Daud melanjutkan doa permohonannya: “Ingatlah segala rahmat-Mu dan kasih setia-Mu, ya Tuhan, sebab semuanya itu sudah ada sejak purbakala. Dosa-dosaku pada waktu muda dan pelanggaran-pelanggaranku janganlah Kauingat, tetapi ingatlah kepadaku sesuai dengan kasih setia-Mu, oleh karena kebaikan-Mu, ya Tuhan.” (Mzm 25:6-7). Dalam doa ini, Daud jujur di hadapan Tuhan bahwa ia membuat banyak dosa di masa mudanya dan memohon kiranya Tuhan boleh mengampuninya. Ia mengharapkan kasih setia Tuhan atau pengampunan Tuhan yang tiada batasnya. Pada akhirnya Daud menyadari bahwa pengampunan berlimpah yang Tuhan berikan kepadanya itu menandakan bahwa Tuhan itu baik dan benar. Orang tersesat dipanggilnya kembali. Orang yang rendah hati dibimbing untuk mengikuti Torah.
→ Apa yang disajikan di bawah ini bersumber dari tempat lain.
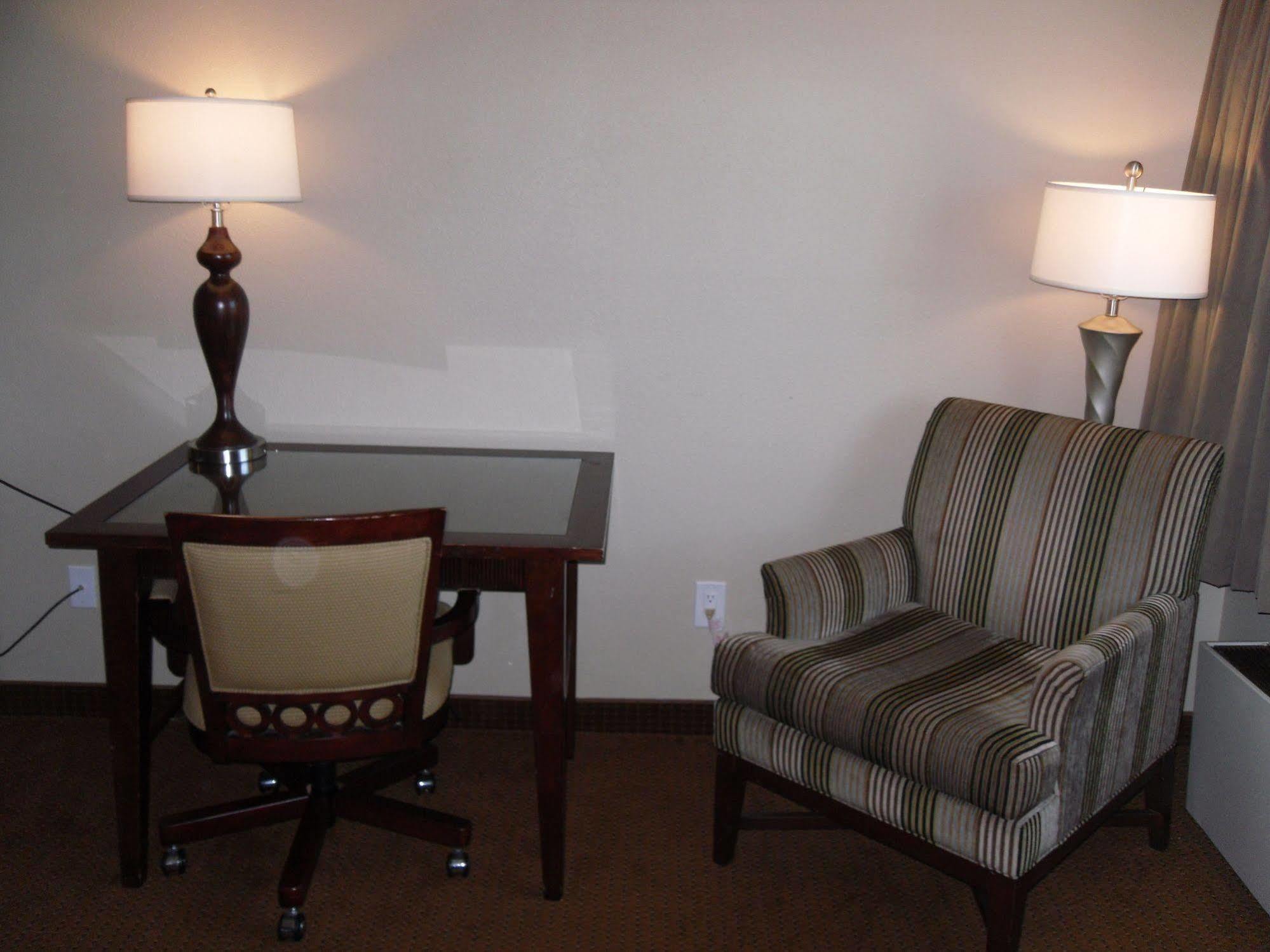 Quality Inn & Suites Okanogan - Omak Экстерьер фото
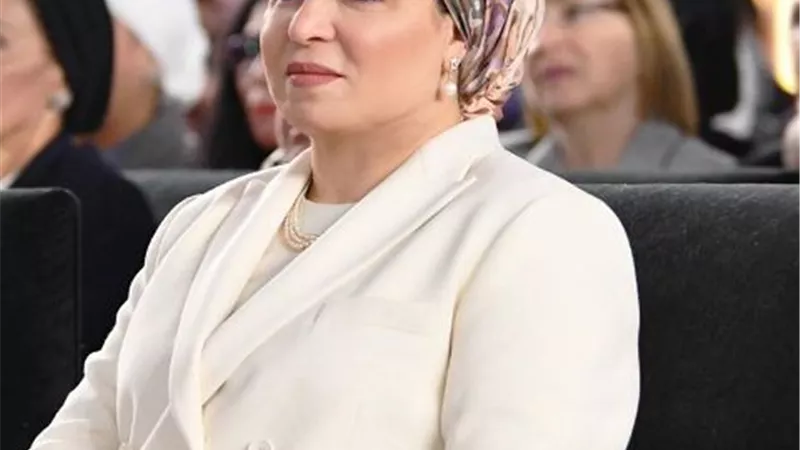 انتصار السيسى: خالص الحب والتقدير لكل إمرأه مصرية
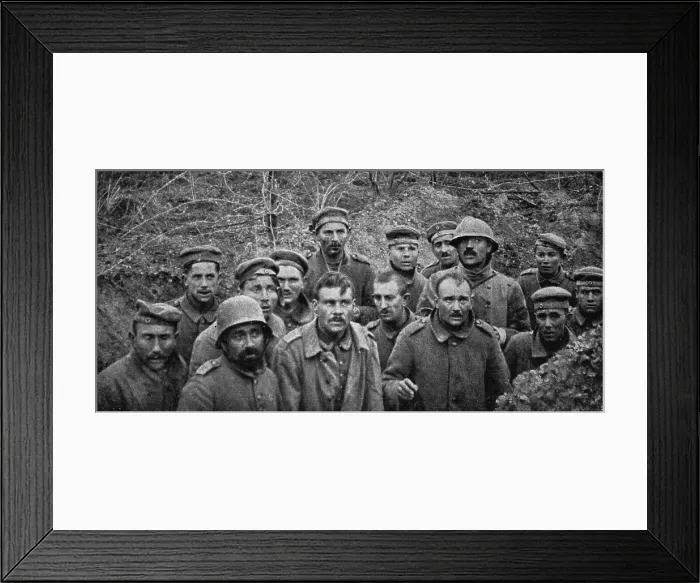 Framed Print : Notre attaque du 16 avril 1917; Prisonniers dans un boyau, au Godat, a l'Ouest de Reims... 1917. Creator: Unknown Framed Print : Notre attaque du 16 avril 1917; Prisonniers dans un boyau, au Godat, a l'Ouest de Reims... 1917. Creator: Unknown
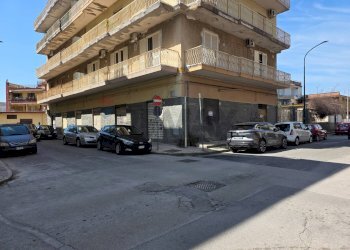 Edificio all\'aperto - Commercial Premises via Kenndy, Casoria - photo 1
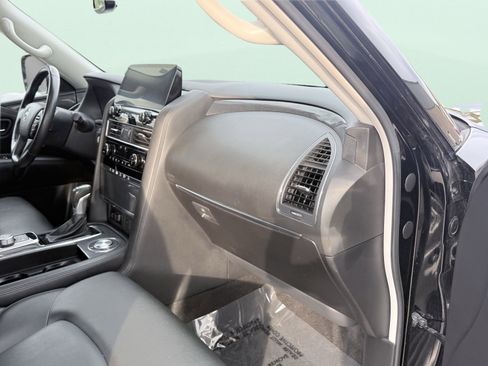 Used 2021 Nissan Armada SV w/ SV Appearance Package image 54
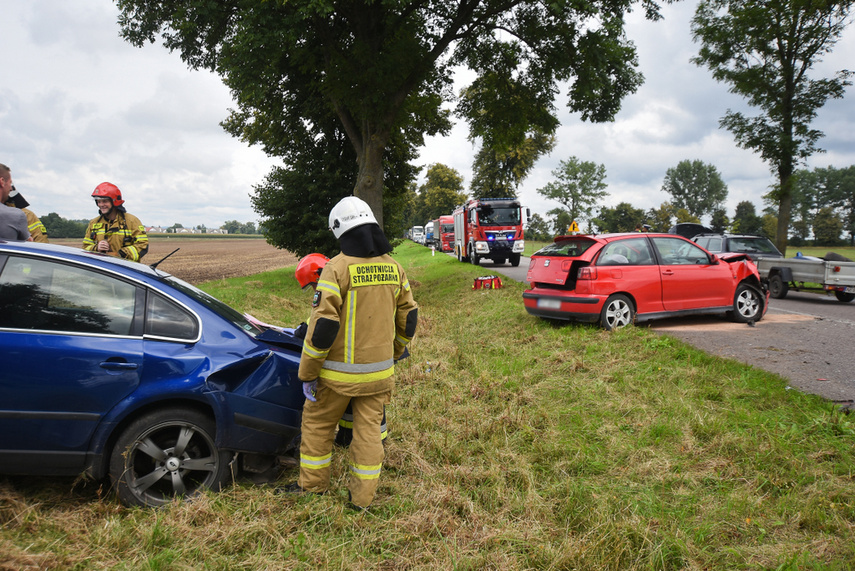 Wypadek 3 pojazdów pod Jelonkami, dwie osoby w szpitalu, sprawca zbiegł zdjęcie nr 246617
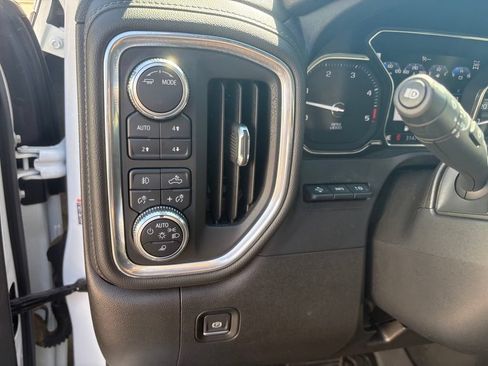Used 2022 GMC Sierra 3500 Denali w/ Denali Ultimate Package AWD/4WD image 12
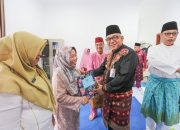 Berangkat Haji, Guru-Guru Tanjungpinang Diberi Pesan Khusus oleh Wali Kota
Dalam bacaan pertama kita berjumpa dengan Azarya yang berdoa memohon perlindungan dari Tuhan dari dalam tanur api. Ia percaya pada janji dan belas kasih Tuhan. Ia percaya bahwa segala pengorbanannya berkenan kepada Tuhan. Oleh karena itu ia mencari wajah Tuhan, dan berharap biarlah Tuhan menunjukkan kemurahan hati kepada mereka. Dalam kesulitan, orang hendaknya selalu berharap kepada Tuhan.

Sabda Tuhan pada hari ini mendorong kita untuk berharap pada Tuhan dalam segala situasi hidup kita. Dalam suka maupun duka selalu berharap kepada Tuhan. Hanya padaNya ada pengampunan dan belas kasih yang berlimpah. Mari kita mengampuni karena Tuhan juga mengampuni kita. Mengampuni dengan segenap hati itu indah!